The fact that Hyppolite is an award-winning Middle Grade novelist (8-12 year-olds), short story writer, Chief Curator at the History Miami museum on Flagler Street, and mother of her six year-old son, Carl, provide the integrated complexities of her everyday life.

Hyppolite's life history could be the making of great stories. In fact, it has. Her written words provide themes of American/ Haitian/African- American life and the Haitian Diaspora in the United States. She offers: "The great thing about writing for kids is they are unconnected. They don't have a lot of social decorum - the rules of how we think about people - so you can have an impression, thought, feeling, and go with that."

The word connection was found. Hyppolite was born in Aouakayes ( Les Ceyes), Haiti and at age four, immigrated to America with her parents. Her strong voice was found at age 12 growing up in Dorchester and then Brookline, Massachusetts. She read every book in the children's section of the Brookline public library. "With nothing else to read, I discovered that writing was an option for me. With an empty notebook and pen, I sat for a couple of hours each day on the yellow couch in my mother's living room."  

Her literary voice - Hyppolite equates that to dance steps; learning the drills first - was defined when she earned a B.A. in African-American studies and English from the University of Pennsylvania.  Her creative writing professor and mentor, Kristen Hunter Lattany, was pivotal in her becoming a children's book author.  Hyppolite holds an M.A. in Afro-American studies from UCLA and a Ph.D. in Literature from the University of Miami with an emphasis on African-American and Caribbean culture and folklore. She is founder of Women Writers of Haitian descent.

Hyppolite's first youth novel, Seth and Samona (Delacorte Press, 1995) was published when she was just 24 years-old. Encouraged by Professor Lattany to enter a writing contest, Hyppolite won the Marguerite de Angeli Prize for New Children's Fiction. De Angeli (1889-1987) was a bestselling author and illustrator of children's books. "I had to get the prize," Hyppolite says, "I had to write for Kristin."  Pause... "Life, it was the perfect storm."

The story is set in Dorchester and told in Seth's voice, that of an 11 year-old  Haitian-American, a little like the author: traditional, quiet, straight-laced.
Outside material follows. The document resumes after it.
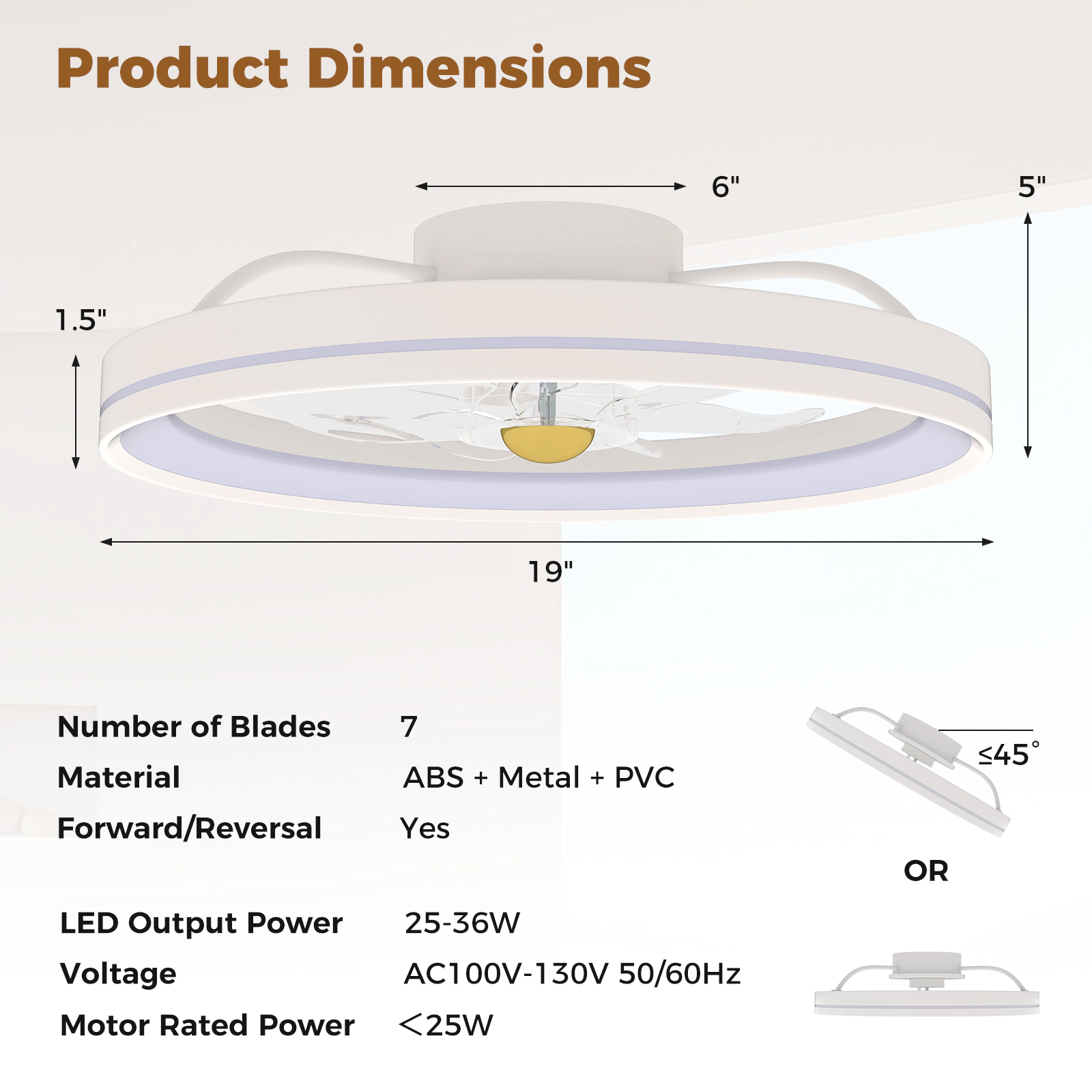 SUGIFT 19-in 7-Blade 6-Speed White Low Profile Flush Mount Ceiling Fan with 3000 to 6500K Dimmable LED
Samona is an outgoing American black girl and Seth's classmate. Almost like Hyppolite's childhood friend, Tamika. Themes combine friendship, race and adjustment and an in-depth look at Hyppolits's own youth: her Haitian family in a predominant African/American neighborhood.  

Hyppolite says, "I come from a very strong cultural community. I feel that sense of community; nurturing people, the aesthetics and the vibrancy of human life."